While at USC, Cooper-Dyke won two NCAA championships as a member of the 1983 and 1984 teams. During her four seasons on campus, the Women of Troy compiled a 114-15 mark.
After leaving the college ranks, the Los Angeles native and Locke High School graduate won an Olympic gold medal at the 1988 Seoul Summer Games, in addition to four WNBA titles as a member of the Houston Comets.
Now, she’s a member of the Naismith Basketball Hall of Fame and returning to Southern California.
“If you were to ask me what my dream job was at any point in my coaching career, I would always have said my dream is to come back and lead the USC women’s basketball team,” she said during a conference call with reporters Friday.
This is the type of language you hear when schools hire an alum. From the coach, you hear about “dream jobs.” From the school, you hear about how he or she “understands the culture” and “knows what it will take to win here.” They know the people and the place, and they’ve done it before, or so the statements go.
In essence, that’s what is happening here. And it goes without saying that this will be the talk today when Cooper-Dyke is formally introduced as head coach at an afternoon reception at the Galen Center.
But is that all enough? That’s the risk, really, that USC takes. It’s banking on the fact it’ll strike gold with the Hall of Fame guard, who is returning home following coaching stints at upstart programs Texas Southern, UNC Wilmington and Prairie View A&M. Is that enough to resuscitate a program that has not appeared in the NCAA tournament since 2006? Time will tell, naturally.
The enthusiasm to turn things around, though, is there. The playing pedigree is there too. Then again, are the coaching chops sound enough? Is it at all concerning that she has not yet held a gig at an upper-echelon Division I program?
Because, to be fair, USC’s women’s hoops is an upper-echelon job. It’s a storied program. It boasts two NCAA championships from the mid-1980s. It also generates quite a bit of revenue: $2.71 million, according to documents filed with the U.S. Department of Education last October, making it USC’s biggest money maker when it comes to women’s athletics. But it’s struggled as of late on the court. And these recent struggles are largely because Cooper-Dyke’s predecessor never quite got it done.
Sure, Michael Cooper’s tenure at USC never exactly took off. The former Lakers guard went 72-57 in four years, including an 11-20 finish last season. The Women of Troy never reached the NCAA tournament and secured a postseason berth just once (a trip to the WNIT Finals in 2011).

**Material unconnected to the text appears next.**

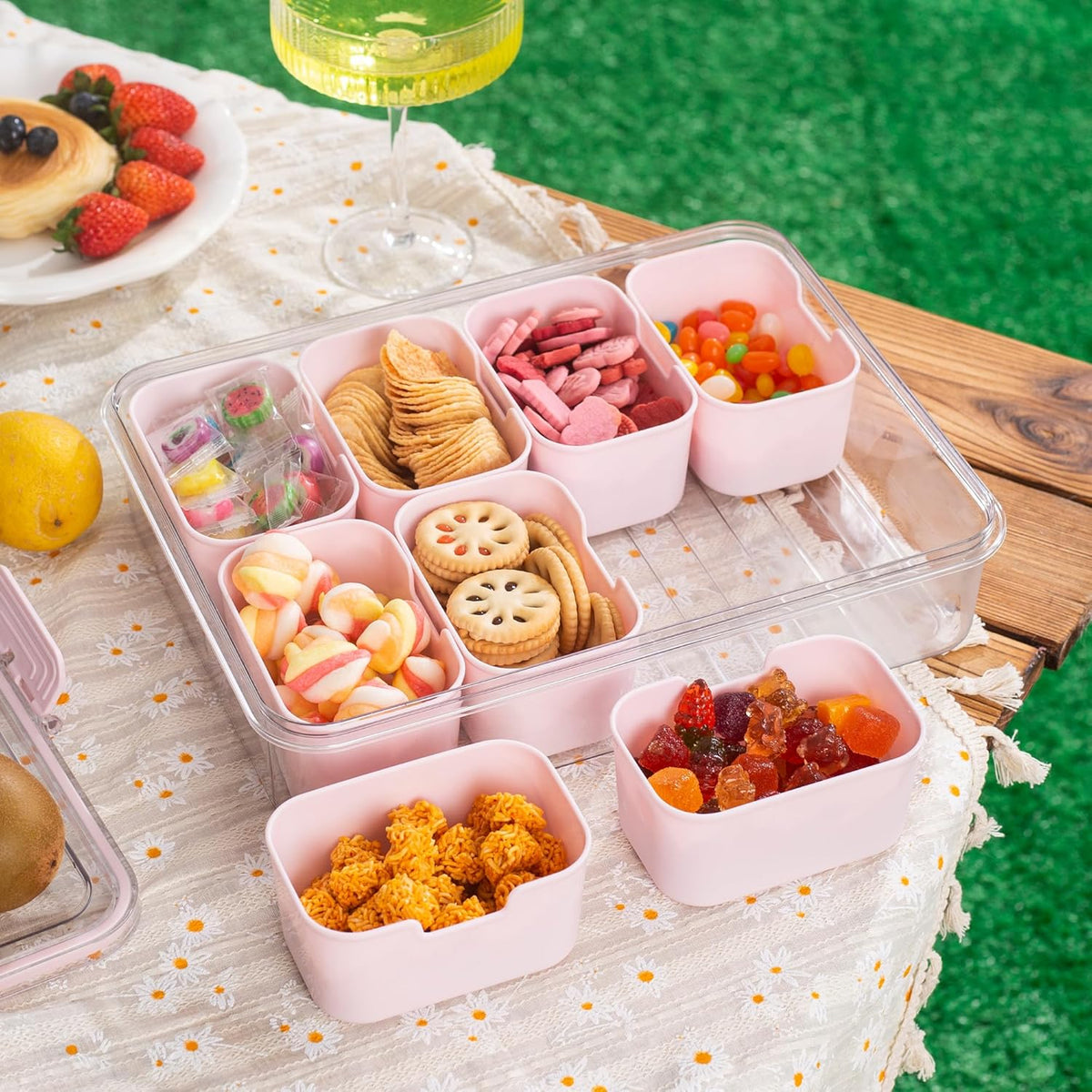 WACOI Divided Snack Serving Tray with Lid and Handle travel Snackle Box Charcuterie Container Portable Storage Organizer for Candy, Fruits, Nuts, Snacks 1Pack White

You sensed Cooper was never “all in,” as if somehow coaching at USC was beneath him after working as an NBA assistant and then as a championship coach with the Los Angeles Sparks of the WNBA. Or perhaps he was more interested in making appearances as a basketball analyst on ABC Channel 7.
But for Cooper-Dyke, who describes the ’SC coaching gig as her dream job, there won’t be any questions about effort or interest. Nobody will question her familiarity with USC or her urgency to coach a winning program. You expect her to be all-in, to help the Women of Troy return to prominence, to compete with Pac-12 heavyweights Cal and Stanford.
“Some people, when they hire a coach, the athletic department hits a home run,” Van Chancellor, Cooper-Dyke’s coach at the WNBA’s Houston Comets, said in a statement. “Southern California has hit a grand slam, with two out and down three with the bases loaded. They hit it out of the park. This is one of the greatest hires. She’s the perfect fit.”
Alumni returning to their schools to coach will always make for nice copy and for heartwarming feature stories in local newspapers. Cooper-Dyke’s return definitely falls under that category.
And so the obvious question stands: Will it be anything more than a short-lived honeymoon?
It’s often a fruitless exercise to immediately grade coaching hires. But perhaps ’SC fans can rest easy knowing that if Cooper-Dyke tastes success with the program, it won’t be her first time.